La señorita hizo un gesto ambiguo.
—¡Ah, sí! —suspiró la condesa—, envejecemos. Pero no nos quedemos aquí, alma mía. El sol te hará daño. ¿Sabe, Alexei —continuó diciendo, mientras conducía a Sonia al interior de la casa—, que tenemos con nosotros al abate?
El Capitán gruñó.
—¿Qué abate? —preguntó Sonia, riendo encantada.
La condesa la miró a los ojos, acercándola más a ella.
—Es mi sobrino —explicó, escrutadora—, el hijo de mi pobre hermana, sí. La infeliz murió al darlo a luz. Una verdadera desgracia estos partos —añadió, con un suspirito afectado y los ojos brillantes.
Sobresaltada (la condesa jamás había tenido una hermana), Sonia hizo eco.
—¡Ah, qué desgracia —exclamó— estos partos! —y se dejó caer en un diván.
—En efecto —sonrió la condesa, tapándose los ojos con un pañuelo diminuto—. Por otra parte, es apenas un niño. ¡Quince años! ¿Y quieres creer, almita, que ha decidido seguir el seminario? ¡Disparates! Pero, en fin, tiene un carácter dulce, y hemos cogido el hábito de llamarlo abate, casi sin saber cómo. ¿Pero qué hace, querido? —preguntó volviéndose hacia el Capitán que, impaciente, taconeaba, o más bien, rascaba el suelo con las botas.
El Capitán balbuceó algunas excusas y, congestionado, se dejó caer junto a Sonia en el diván. En el silencio que siguió, la condesa vio a Nicolás que, gorro en mano, había quedado petrificado al pie de la escalera, molestando a los criados que trasladaban el equipaje y le lanzaban al pasar miradas furibundas.
—¿Y eso? —preguntó la condesa mirando a Sonia.
La señorita lanzó una carcajada y procedió a relatar minuciosamente la historia del hombrecito, que la soportó con la cabeza baja y la mayor atención, sorprendido por el efecto extraño que le producía su vida relatada desde otra. Efecto tan intenso, que para la mitad del relato había perdido ya noción de ser el paciente, por así decirlo, y esperaba con ansiedad la palabra que vendría, como el final de un cuento ligeramente cómico y, sin embargo, inquietante.

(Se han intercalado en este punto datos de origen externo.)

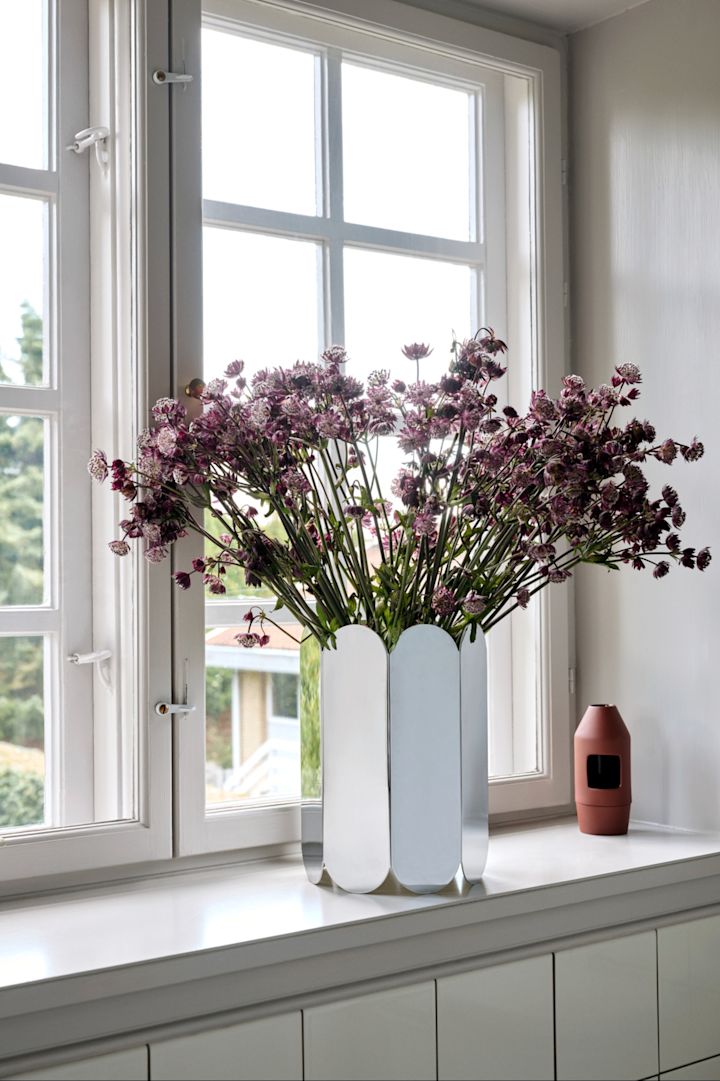 Eine dekorierte Fensterbank mit der Arc Vase mit lilafarbenen Blumen.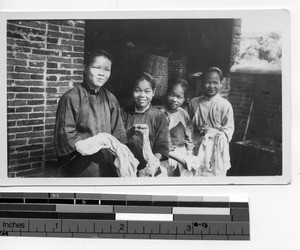 Orphans washing clothes at Luoding, China, 1935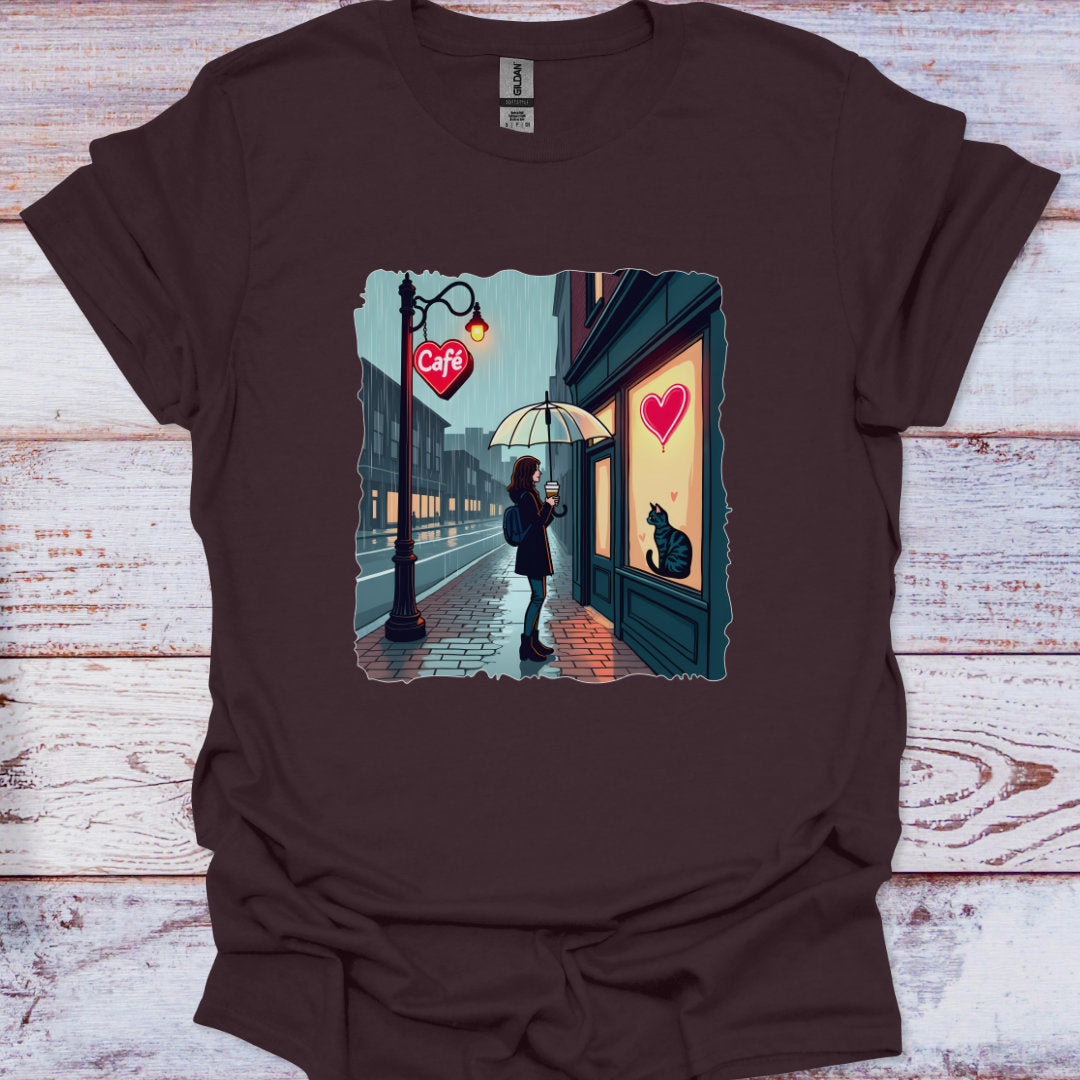Brown t-shirt with a graphic of a person at a cafe window on a wooden surface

—Un almohadón en mi cuarto bastará, supongo —terminó Sonia—. Me gusta tenerlo cerca —explicó en seguida—. Es bastante amable.
El corazón de Nicolás se iluminó. ¡Amable! ¡Él era —si algo era— amable! ¡Pasible de ser amado! ¡Ella decía que esa mujer era un ángel!, y por muy desgraciado se tendría si no fuera capaz de servirla, adivinarla, protegerla.
Nicolás conoció, si bien por escasos minutos, las exaltaciones galantes más elaboradas. La voz de Sonia lo sacó de un cuadro de su invención en que se lo veía, lanza en mano, cargar solo contra una compañía, protegiendo con su cuerpo el cuerpo de la señorita que —cosa extraña— conservaba su habitual sonrisa y gesto indolente.
—¿Pero es que no me oyes? —repitió Sonia, enfrentando la mirada vaga del hombrecito—. Ven conmigo. Necesito descansar —le dijo a la condesa, que la acompañaba—. Y por cierto, ¿cuándo veremos al abate? —agregó sonriendo con picardía.
—Almorzaremos juntos —prometió Luisa, agradeciendo con una caricia la complicidad instantánea de la señorita que, a esas alturas, ya había comprendido que el niño era su hijo.